**Task instructions**
From the material below, please set down exactly the lines starting with the one with "Crash Team Racing" and going on through the one with "The Complete Guide", without a single picture.
==*==
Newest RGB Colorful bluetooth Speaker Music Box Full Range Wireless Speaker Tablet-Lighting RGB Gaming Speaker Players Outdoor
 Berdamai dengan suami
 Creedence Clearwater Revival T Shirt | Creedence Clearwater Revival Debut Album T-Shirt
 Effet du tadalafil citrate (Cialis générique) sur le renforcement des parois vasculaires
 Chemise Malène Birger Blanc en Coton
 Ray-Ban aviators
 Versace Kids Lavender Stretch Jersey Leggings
==*==
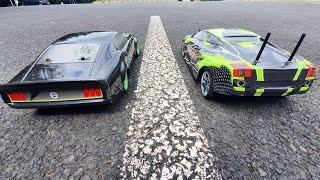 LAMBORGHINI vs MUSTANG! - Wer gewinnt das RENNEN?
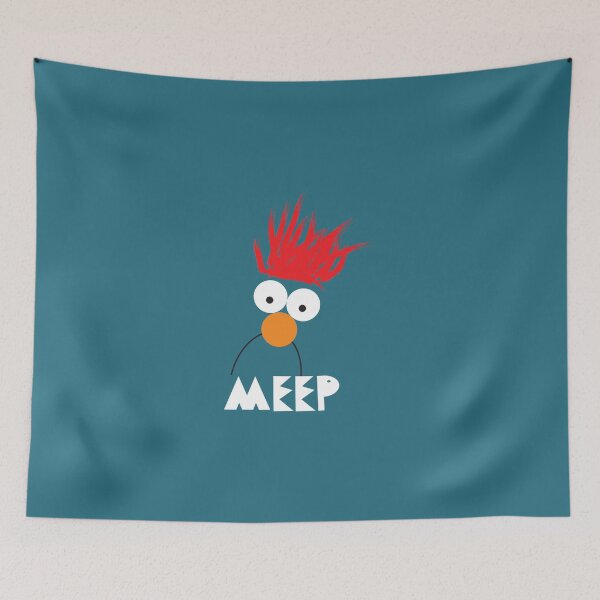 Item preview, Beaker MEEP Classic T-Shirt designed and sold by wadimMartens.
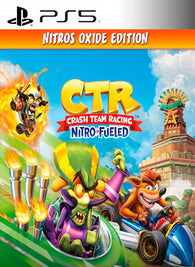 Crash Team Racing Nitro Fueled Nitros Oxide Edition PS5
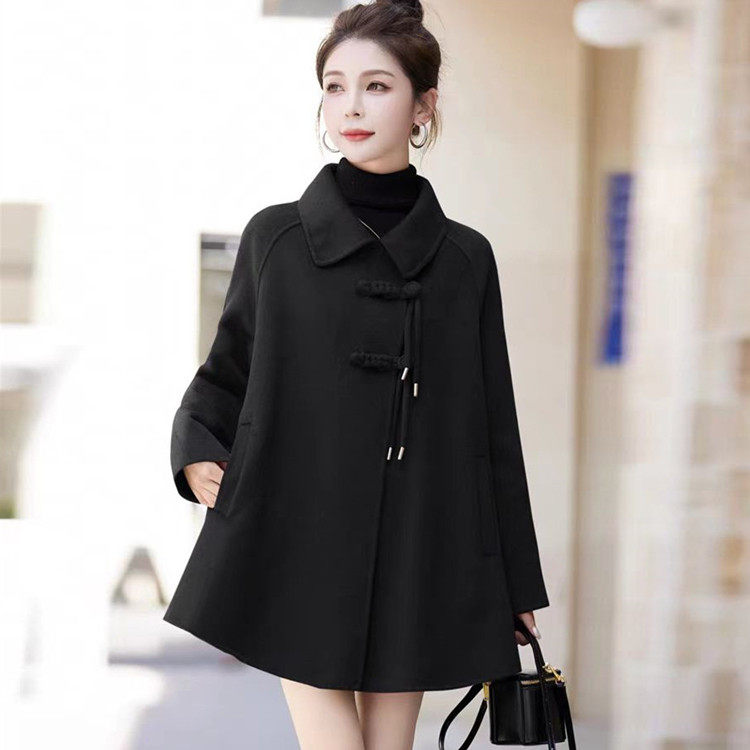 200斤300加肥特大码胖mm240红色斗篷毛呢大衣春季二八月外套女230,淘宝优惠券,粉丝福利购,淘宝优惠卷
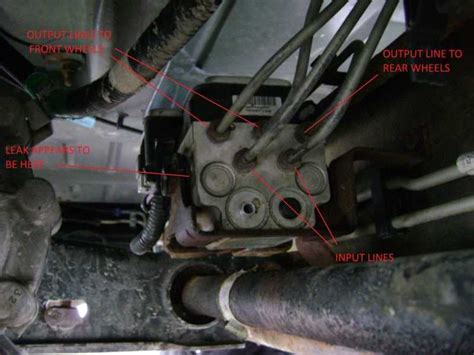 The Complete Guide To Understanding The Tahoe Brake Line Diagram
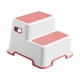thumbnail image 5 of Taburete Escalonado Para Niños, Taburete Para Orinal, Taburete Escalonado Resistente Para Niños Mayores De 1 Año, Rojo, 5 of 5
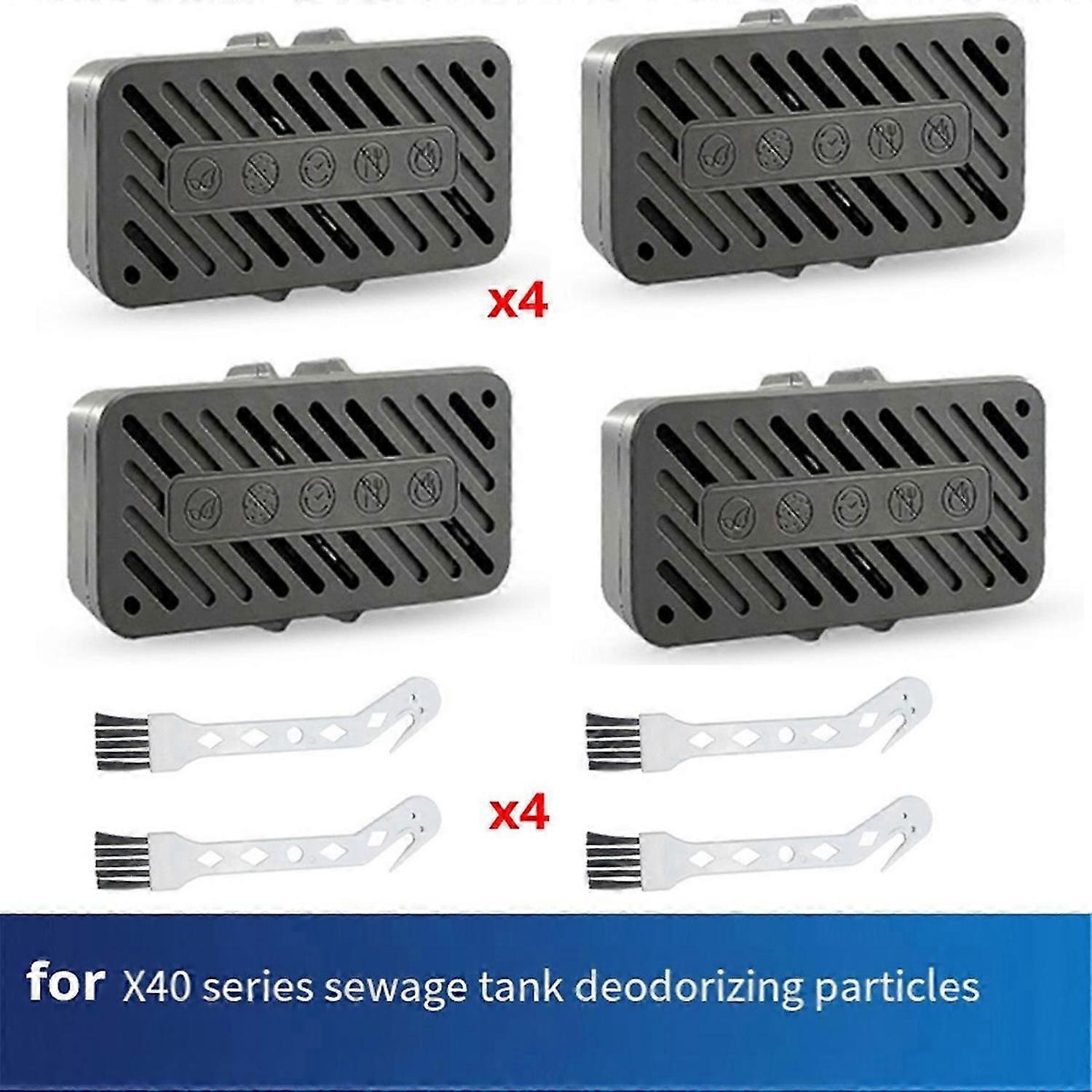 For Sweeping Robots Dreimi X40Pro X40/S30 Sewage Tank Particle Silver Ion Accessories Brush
==*==
**Your response**
 Crash Team Racing Nitro Fueled Nitros Oxide Edition PS5
 200斤300加肥特大码胖mm240红色斗篷毛呢大衣春季二八月外套女230,淘宝优惠券,粉丝福利购,淘宝优惠卷
 The Complete Guide To Understanding The Tahoe Brake Line Diagram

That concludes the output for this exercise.